Do any whole number solutions exist for $a^2 + b^3 = 2^{2023}$?
And if so, would it be possible to give an example of one?
This problem is meant to be solved with modular-arithmetic and I could not even get started. Guessing that you must find the right modulus such that no squares or cubes can be added to reach the mod of $2^{2023}$.
For example all squares in mod $8$ are $0$, $1$ or $4$. And all cubes have in mod $13$ class $0$, $\pm1$, $\pm 5$.
Any help appreciated!
The question is
One potential solution would be if $a^2 = b^3 = 2^{2022}$. Note that this has obvious solutions $a = 2^{2022/2} = 2^{1011}$ and $b = 2^{2022/3} = 2^{674}.$ There may be other non-obvious solutions.
This is an example of an elliptic curve.
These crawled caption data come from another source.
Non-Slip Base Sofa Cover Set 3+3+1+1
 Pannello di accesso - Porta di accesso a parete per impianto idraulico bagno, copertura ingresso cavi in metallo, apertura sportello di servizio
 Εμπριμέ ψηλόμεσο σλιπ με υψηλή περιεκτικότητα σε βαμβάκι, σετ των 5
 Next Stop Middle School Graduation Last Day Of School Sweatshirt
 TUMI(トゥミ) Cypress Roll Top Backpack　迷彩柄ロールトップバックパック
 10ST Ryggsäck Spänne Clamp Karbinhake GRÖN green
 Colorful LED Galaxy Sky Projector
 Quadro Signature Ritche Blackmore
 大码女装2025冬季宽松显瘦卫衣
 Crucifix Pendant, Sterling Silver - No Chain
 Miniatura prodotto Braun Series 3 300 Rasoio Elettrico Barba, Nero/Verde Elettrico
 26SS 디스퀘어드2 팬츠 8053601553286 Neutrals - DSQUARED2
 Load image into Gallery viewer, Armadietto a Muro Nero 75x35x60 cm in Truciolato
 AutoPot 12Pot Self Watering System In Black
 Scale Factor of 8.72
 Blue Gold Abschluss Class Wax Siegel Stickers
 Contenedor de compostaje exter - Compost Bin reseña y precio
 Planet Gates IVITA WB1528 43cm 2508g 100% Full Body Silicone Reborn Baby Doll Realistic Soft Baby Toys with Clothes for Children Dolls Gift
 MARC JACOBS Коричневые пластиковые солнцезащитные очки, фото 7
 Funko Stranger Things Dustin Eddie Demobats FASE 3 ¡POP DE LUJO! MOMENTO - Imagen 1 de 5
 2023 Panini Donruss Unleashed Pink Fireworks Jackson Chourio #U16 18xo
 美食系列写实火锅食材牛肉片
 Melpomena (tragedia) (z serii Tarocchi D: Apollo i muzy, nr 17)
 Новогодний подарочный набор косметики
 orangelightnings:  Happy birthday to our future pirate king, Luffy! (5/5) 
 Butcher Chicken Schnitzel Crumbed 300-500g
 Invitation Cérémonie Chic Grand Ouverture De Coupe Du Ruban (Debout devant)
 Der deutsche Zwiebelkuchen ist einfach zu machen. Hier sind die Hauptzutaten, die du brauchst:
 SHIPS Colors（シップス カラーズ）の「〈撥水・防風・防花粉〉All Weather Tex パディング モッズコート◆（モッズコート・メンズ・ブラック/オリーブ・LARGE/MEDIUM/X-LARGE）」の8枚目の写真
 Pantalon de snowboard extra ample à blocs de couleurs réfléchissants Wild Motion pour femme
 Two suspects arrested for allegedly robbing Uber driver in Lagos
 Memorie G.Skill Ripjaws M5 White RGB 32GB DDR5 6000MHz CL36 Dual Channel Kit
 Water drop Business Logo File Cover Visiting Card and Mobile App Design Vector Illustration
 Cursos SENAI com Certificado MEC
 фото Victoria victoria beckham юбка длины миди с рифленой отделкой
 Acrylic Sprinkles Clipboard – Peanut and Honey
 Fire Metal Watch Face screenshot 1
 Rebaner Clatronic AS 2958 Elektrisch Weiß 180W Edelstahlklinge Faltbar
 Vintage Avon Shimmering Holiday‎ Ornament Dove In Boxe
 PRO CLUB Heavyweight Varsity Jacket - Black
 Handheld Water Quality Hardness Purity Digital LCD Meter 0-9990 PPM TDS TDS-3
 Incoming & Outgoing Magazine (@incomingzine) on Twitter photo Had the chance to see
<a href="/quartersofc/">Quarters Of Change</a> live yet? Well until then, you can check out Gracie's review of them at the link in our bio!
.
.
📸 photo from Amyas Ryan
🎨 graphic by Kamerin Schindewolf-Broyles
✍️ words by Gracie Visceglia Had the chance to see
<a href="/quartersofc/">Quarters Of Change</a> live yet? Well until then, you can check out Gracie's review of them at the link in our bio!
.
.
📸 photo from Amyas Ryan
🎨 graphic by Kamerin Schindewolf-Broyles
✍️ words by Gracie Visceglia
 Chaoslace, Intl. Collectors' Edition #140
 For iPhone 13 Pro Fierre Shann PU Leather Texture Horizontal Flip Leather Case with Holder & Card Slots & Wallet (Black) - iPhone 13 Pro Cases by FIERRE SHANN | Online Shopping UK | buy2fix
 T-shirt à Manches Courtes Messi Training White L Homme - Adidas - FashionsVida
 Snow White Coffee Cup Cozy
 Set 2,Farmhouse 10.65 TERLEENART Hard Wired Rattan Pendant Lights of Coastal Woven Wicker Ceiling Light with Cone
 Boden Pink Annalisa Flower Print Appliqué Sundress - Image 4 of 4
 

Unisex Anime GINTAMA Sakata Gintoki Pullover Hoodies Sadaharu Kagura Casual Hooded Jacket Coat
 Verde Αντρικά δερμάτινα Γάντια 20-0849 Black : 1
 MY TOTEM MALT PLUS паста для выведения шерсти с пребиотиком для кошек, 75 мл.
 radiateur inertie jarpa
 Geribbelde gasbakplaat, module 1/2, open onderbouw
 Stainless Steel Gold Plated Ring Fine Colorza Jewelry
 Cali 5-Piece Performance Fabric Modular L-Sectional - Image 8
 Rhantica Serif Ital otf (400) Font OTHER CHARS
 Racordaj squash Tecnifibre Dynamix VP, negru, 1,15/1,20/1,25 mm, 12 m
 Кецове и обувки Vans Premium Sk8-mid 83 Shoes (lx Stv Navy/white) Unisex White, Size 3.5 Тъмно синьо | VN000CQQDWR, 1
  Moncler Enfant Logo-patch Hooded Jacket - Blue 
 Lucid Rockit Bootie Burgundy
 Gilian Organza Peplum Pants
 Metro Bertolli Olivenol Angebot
The base case in standard Weierstrass form is
$$ y^2 = x^3 + 2 \tag1 $$
which is the curve with Cremona label 1728a1. This curve has the obvious points $(x,y) = (-1,\pm 1).$ Each is a generator for the group of rational points. All other rational points are not integral.
In your case, you want something like
$$ y^2 = x^3 + 2^{1+6k} \tag2 $$
or equivalently,
$$ (y/8^k)^2 = (x/4^k)^3 + 2. \tag3 $$
The problem now becomes to find a solution $(x,y)$ of equation $(1)$ where the denominator of $x$ is $4^k$ which seems to be impossible if $k>0$.